Keenam, adanya daya dukung yang cukup, ketersediaan energi terbarukan yang ramah lingkungan, agar pembangunan eknomi industri dapat berkelanjutan bagi kepentingan generasi mendatang, dan tidak merusak lingkungan di mana masyarakat berada.

Ketujuh, pemerintah perlu segera memiliki "blue print" pembangunan industri berjangka panjang sebagai payung, target dan ke mana arah pembangunan ekonomi industri yang memberikan jaminan kesejahteraan rakyat.

Kedelapan, strategi dan kebijakan pembangunan ekonomi sangat ditentukan oleh faktor-faktor pentingnya pemerintah yang bersih dan kuat (clean and strong government), penegakan hukum (law enforcement) dan kestabilan politik dalam negeri.

Pemerintah berkomitmen membangun Indonesia lebih baik, berwibawa, mandiri, demokratis, meningkatkan pembangunan ekonomi demi terciptanya Indonesia Indonesia yang kuat dan makmur, yang dirumuskan sebagai Nawacita.

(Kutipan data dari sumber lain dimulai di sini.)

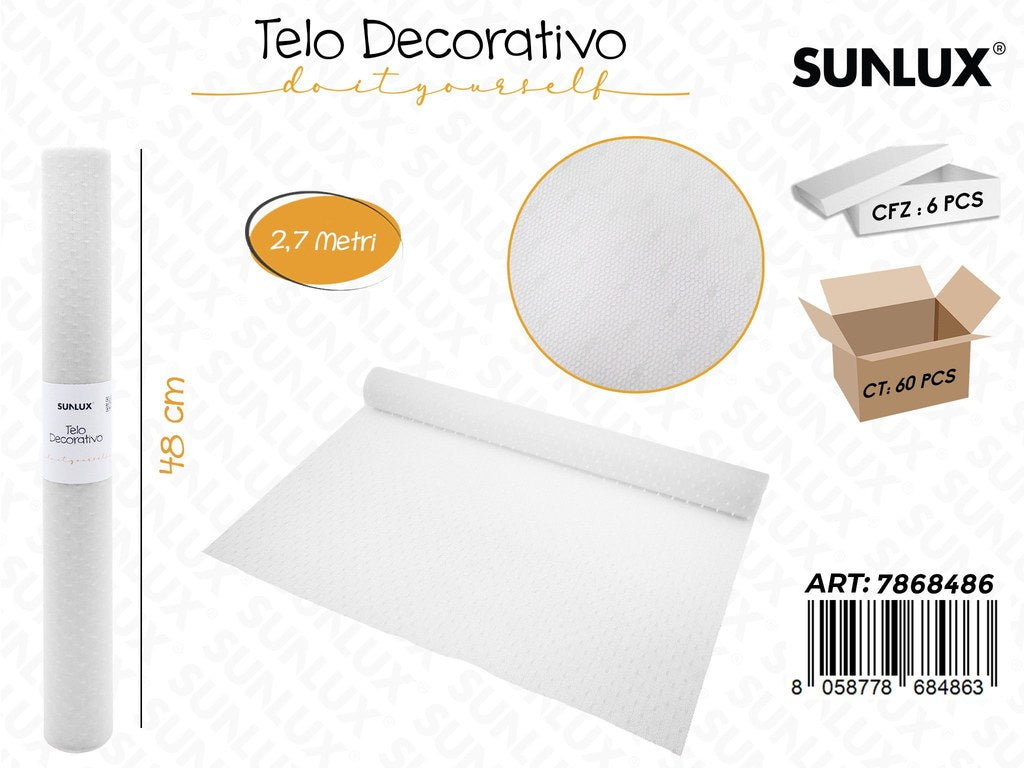 Sunlux Telo Decorativo Bianco 48CM*2.7MT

Nawacita ini mendorong lahir kebijakan ekonomi kesejahteraan sosial melalui penguatan pembangunan yang tidak hanya bertumpu pada wilayah perkotaan, tetapi juga wilayah pedesaan dan daerah-daerah pelosok.

Selain itu, juga meningkatkan kualitas sumber daya manusia, meningkatkan produktivitas rakyat dan daya saing produk Indonesia di pasar internasional, mewujudkan kemandirian ekonomi dengan menggerakkan sektor-sektor strategis ekonomi domestik, serta melakukan revolusi mental agar Indonesia mampu bersaing dengan dunia internasional dalam segala hal.

Kini saatnya Indonesia menata strategi pembangunan ekonomi industri yang lebih realistis, yang lebih rasional dan dapat dengan cepat mencapai tujuan-tujuan nasional bangsa Indonesia yaitu kesejahteraan, kemakmuran, keadilan, dan pemerataan hasil-hasil pembangunan yang dapat dinikmati oleh seluruh rakyat Indonesia. Dengan kata lain, apapun strategi pembangunan ekonomi industri yang dikembangkan, pada akhirnya harus dilihat dalam perspektif kesejahteraan rakyat.

Selain menyampaikan selamat, Wapres Jusuf Kalla saat memberikan kata sambutan mengatakan Yuddy Chrisnandi sebagai anggota kabinet yang mengurus peningkatan peran aparatur sipil negara dan birokrasi memiliki konsekuensi dalam membuat kebijakan. Menurutnya, kebijakan yang diambil jangan sampai salah karena mempertaruhkan kredibilitasnya sebagai Menteri dan Guru Besar.

Jusuf Kalla menilai Yuddy merupakan sosok yang konsisten, karena selain aktif dalam berpolitik, juga aktif sebagai pengajar.